【完】何度でも、キミの瞳に恋をする。
「え、俺は、そんな課題なかったけど…………」
「……………え。」
聖が持ってきた宿題の最後のページには、
確かに、『惚れ薬』の文字はない。
でも、その代わりにそこには………
『毒薬を作ってレポートにまとめろ』
と書いてあった。
「毒薬!?怖………。でもなんか、聖らしい。」
「どういう意味だよ。………ってか、よく見ろ。
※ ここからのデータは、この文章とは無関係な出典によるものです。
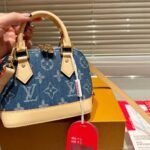 Louis Vuitton Alma BB Monogram Canvas Bag Denim Blue 16Cm - Image 3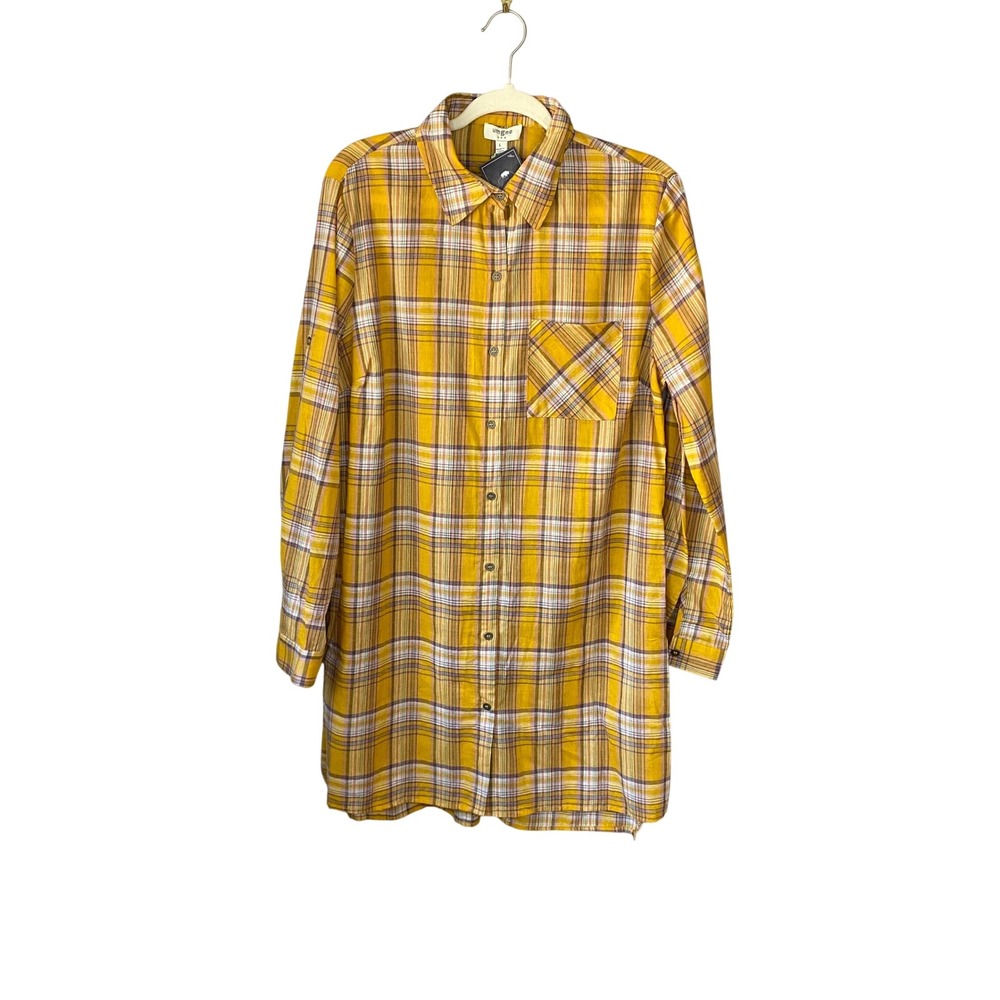 Umgee USA Mustard Yellow Plaid Roll Tab Long Sleeve Tunic Shirt Women Large NEW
」
聖が指さしたところをよく見ると………
「あっ………。」
『“ナメクジ専用の”毒薬の作り方をレポートにまとめろ』
と、そう書いてあった。
「なにこれ、ユニークすぎる!」
「俺に言うなよ…。」
「というか、ナメクジって塩かければいいんじゃないの?」
「塩かけても小さく萎むだけで生きてるぞ。」
「嘘!?じゃあ、殺虫剤使えば………」
「ナメクジ以外に効いたらいけないんだよ。」
え、なにその無駄に難しい課題……。
というか、需要なくない?
………って、あ!
忘れてた!
「聖!数学の教科書貸して!」
「え、いいけど。なんで?」
「学校に置いてきた。」
そうなのだ。
つい、いつものくせで教室に置き忘れてしまった。
「まじか。俺の部屋の棚にあるから取っていいよ。」
「ありがとう!」
私は、聖にそう叫んで聖の部屋まで走った。